Of course, there was a lot more to lynching than the simple act of murder. It was often a social event that attracted thousands of onlookers who celebrated with picnics and chronicled the occasion on postcards. In a way, contemporary police killings in America recreate the same sort of spectacle. Although massive crowds aren't present at the moment of the act, the tragedy usually makes it to computer and television screens by way of grainy cellphone footage or, in Trayvon's case, the haunting screams for help heard during a 911 phone call. The shared experience of watching Eric Garner getting choked out or hearing what many believe were the last words of Martin is a reminder to blacks everywhere of exactly how little our lives are worth in this country, and a signal to some whites that the others are being kept in line.

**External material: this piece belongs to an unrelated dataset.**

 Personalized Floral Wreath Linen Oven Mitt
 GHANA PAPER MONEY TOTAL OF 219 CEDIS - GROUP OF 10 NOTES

The commodification of deaths via souvenirs and trophies brings us full circle, diminishing black lives even after they've been stolen and using our pain as a weapon. So it's only fitting Zimmerman has suggested that when he finally sells the gun, he will use the proceeds to fight Black Lives Matter, the human rights movement born out of the rage over his own acquittal for killing Trayvon Martin.

As much as we'd like to throw up our hands at the Trayvon Martin tragedy and fallout—from the shooting to the acquittal to the grisly souvenirs—as some sort of aberration, the truth is this whole saga has been incredibly American. It's really just one drop in the bucket of black blood that has been building up since the dawn of the republic.